NH Senate bill seeks ‘reasonable accommodation’ for pregnant workers
SB 488 would ensure employee protections at small businesses

Does New Hampshire need a law providing reasonable accommodations in the workplace for pregnant women, especially a law pertaining to smaller businesses?
Yes, said sponsor Sen. Martha Fuller Clark, D-Portsmouth, sponsor of Senate Bill 488, which will do just that.
“Businesses will benefit because this will clarify their obligations, resolve disputes before they fester and increase productivity,” she testified at a committee hearing on Tuesday.
SB 488 would put the words “reasonable accommodation” in the statute enforced by the Human Rights Commission, the state agency that enforces things like discrimination based on race, gender, sexual orientation and disability.
The accommodations, according to the bill would include everything from more frequent or longer breaks, time off to recover from childbirth, modification of equipment or seating, light duty and providing a private space, apart from the bathroom, for expressing breast milk.
“Forcing a mother to express milk in a bathroom is disgusting,” said Lynn Stanley, executive director of the NH Chapter of the National Association of Social Workers, one of the many groups backing the measure. “Workers don’t have to make their meals in the bathroom. You shouldn’t have to be doing that there for the baby as well.”
But the Business and Industry Association of New Hampshire opposed the measure, at least not now.
“There are pretty expansive protections already available,” said Charla Bizios Stevens, vice chair of the business organization’s Human Resources Committee.
‘Confusing and inconsistent’
The phrase, “reasonable accommodation,” is most often used in relation to the federal American with Disabilities Act. According to Equal Employment Opportunity Commission guidelines, pregnancy should be treated as a disability. And, said Stevens, a recent U.S. Supreme Court decision gave a woman the right to sue an employer under the Pregnancy Discrimination Act for putting someone on unpaid leave, rather than make a reasonable accommodation.
In addition, there is the proposed Pregnant Workers Fairness Act sponsored by both of the state’s U.S. senators – Jeanne Shaheen, a Democrat, and Kelly Ayotte, a Republican – which would explicitly call for reasonable accommodations for pregnant workers.

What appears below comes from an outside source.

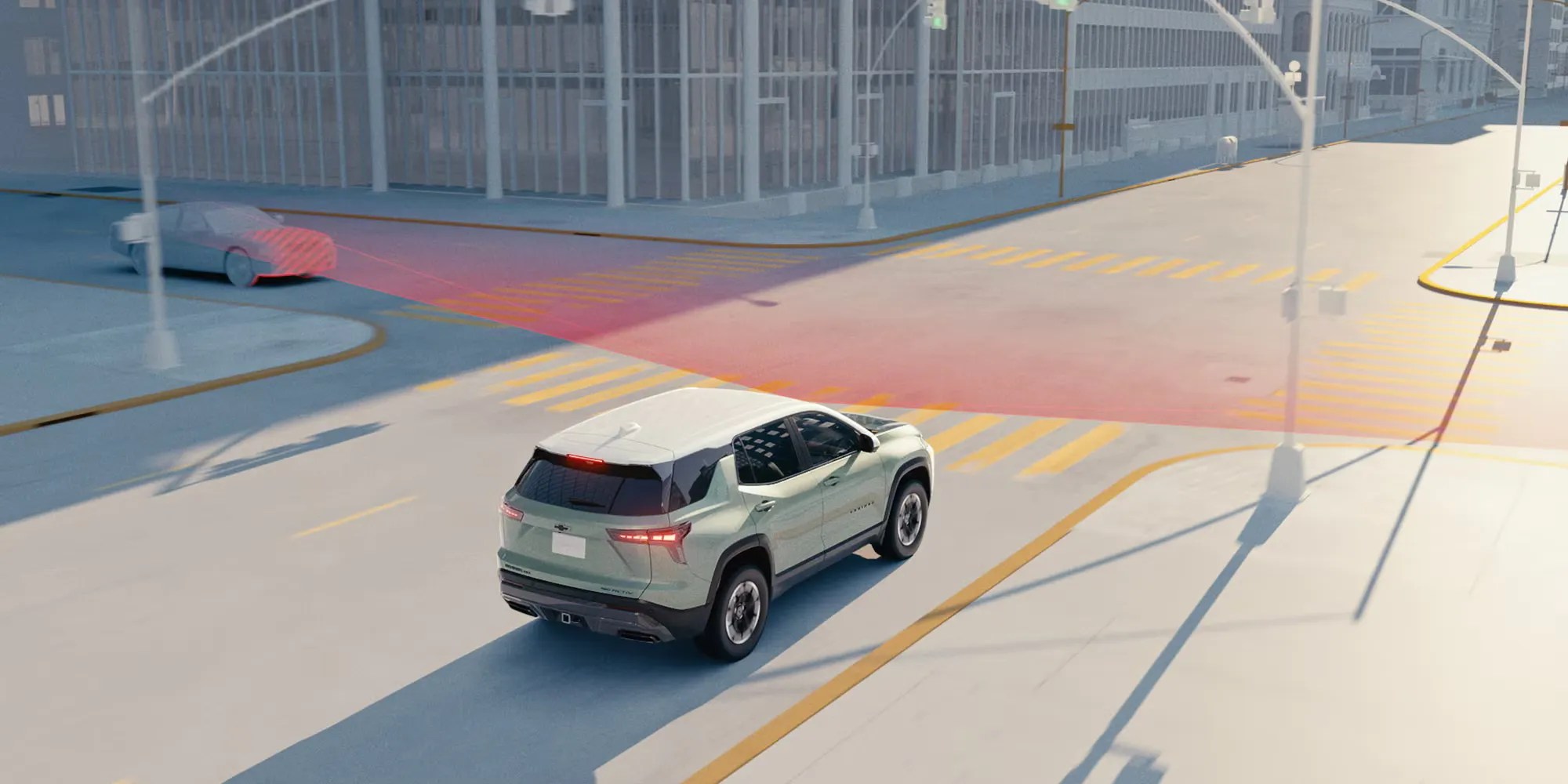 2027 Chevrolet Equinox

With all this going on at the federal level, Stevens said, it makes it “confusing and inconsistent” for states to be passing their own laws, especially for companies located in multiple states.
‘Guidance not law’
But, testified Kate Frederick, a former state employee woman who has a pending case against the state over the expressing of breast milk, those federal protections are lacking in several respects.

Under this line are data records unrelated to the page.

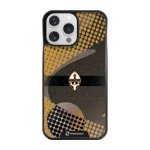 Phonecases3D iPhone 14 Pro IL Runar -3D suojakuori, musta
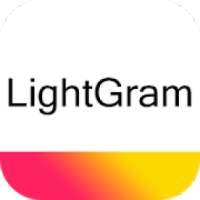 Lightgram - Retro , vintage film filters on 9Apps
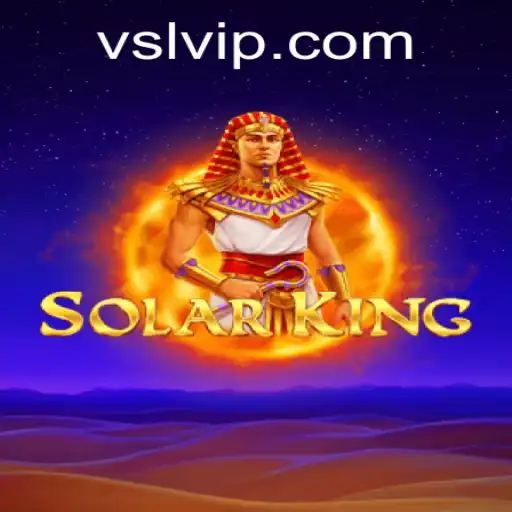 Unveiling SolarKing: The Revolutionary Game Experience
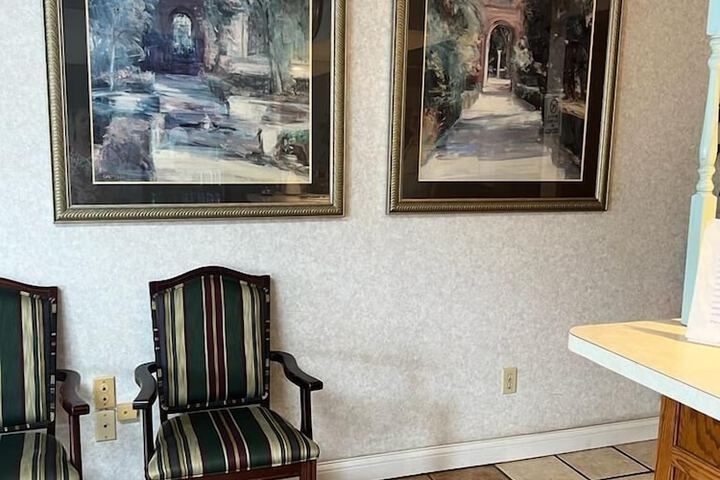 Hotel Interior 3 of 86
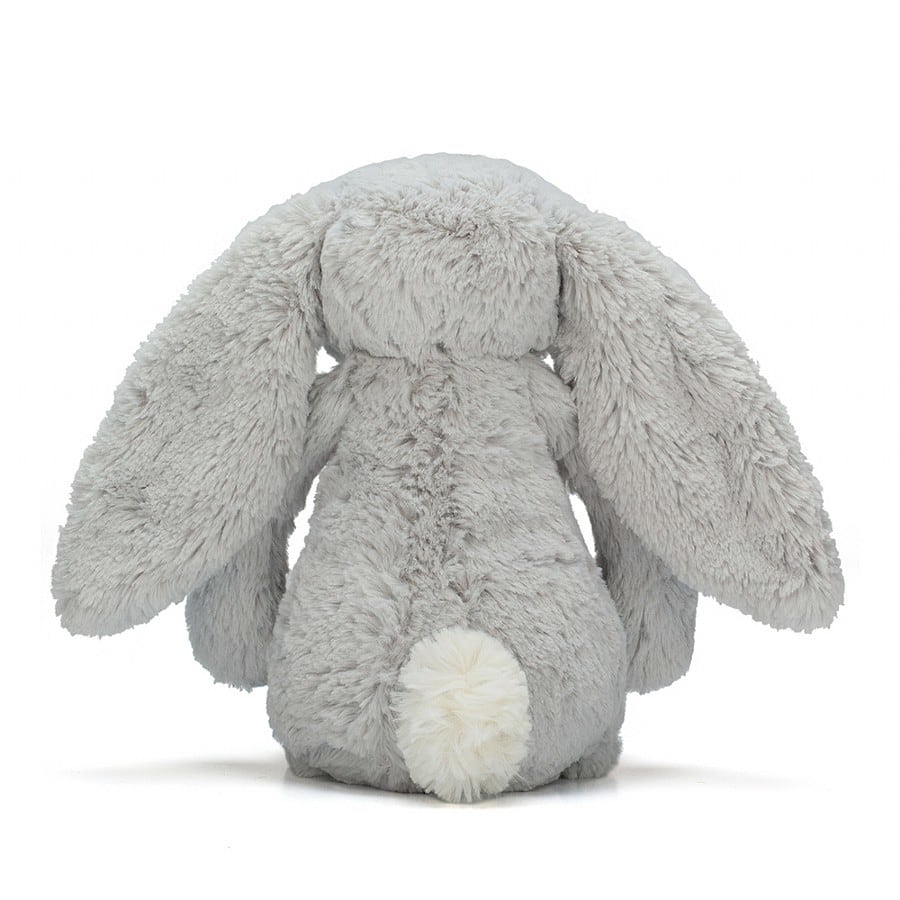 Bashful Silver Bunny Huge_BAH2BS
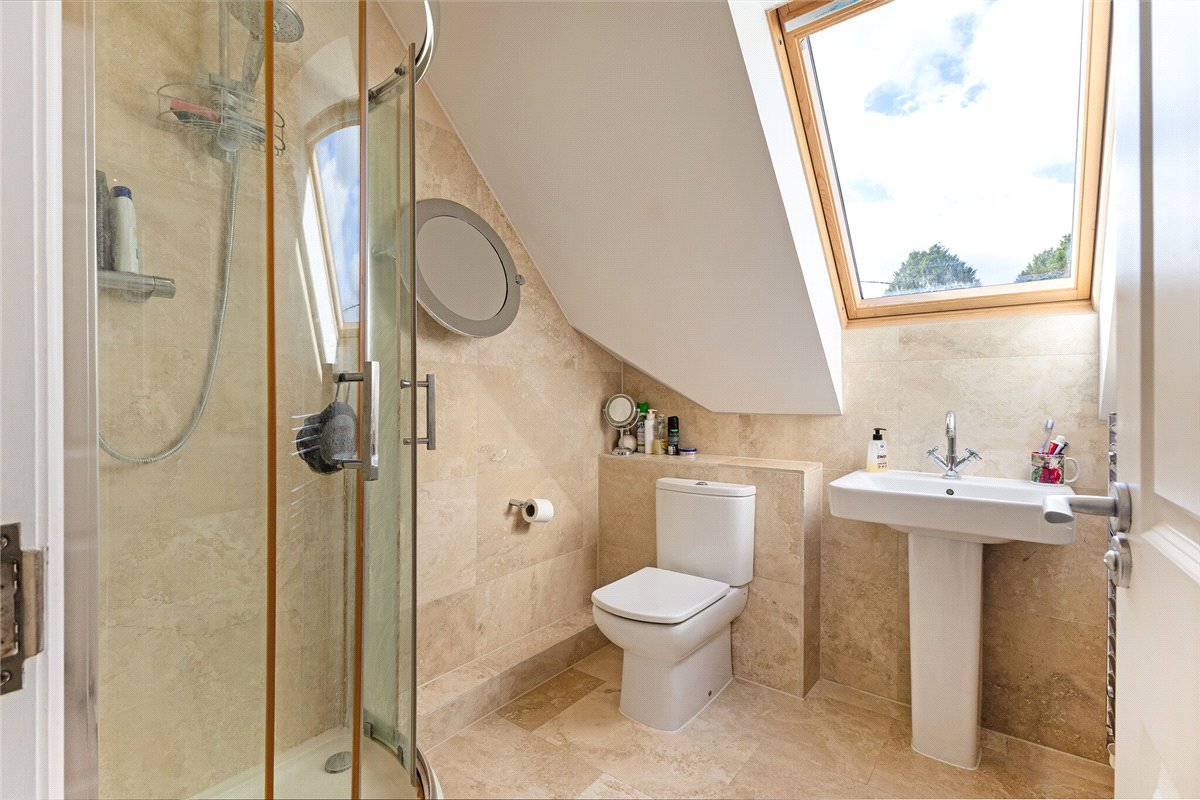 4 bedroom House, Upavon Road, North Newnton, SN9 - Available, Image 3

First the federal thresholds exempts those with 15 or fewer employees. (The FMLA threshold is 50.) The Human Rights Commission covers businesses with more than six workers. As for the EEOC guidance, she said, it’s “guidance not law” and besides, the backlog at the EEOC in Boston is huge, which is why some might want to file locally.
She also said the Supreme Court decision is narrow, limiting the right to sue. The Pregnant Workers Fairness Act stalled before and there was no reason to think that, absent a change in the political makeup of the Congress, it would fare any better this time.

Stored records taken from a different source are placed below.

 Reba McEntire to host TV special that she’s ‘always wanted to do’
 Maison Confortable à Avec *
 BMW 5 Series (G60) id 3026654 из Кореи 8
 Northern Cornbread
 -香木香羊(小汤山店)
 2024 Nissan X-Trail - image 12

In addition, NH Citizens Action provided the written testimony of 10 small business owners who provided written testimony in support of the measure.
Nina Mujakovic, owner of the restaurant Old Europe Mediterranean Fine Dining in downtown Concord, was one of them.
“Businesses big or small must stand with women and families and support workplace legislation such as SB 488 to create and maintain healthy and safe communities where business can succeed,” she wrote.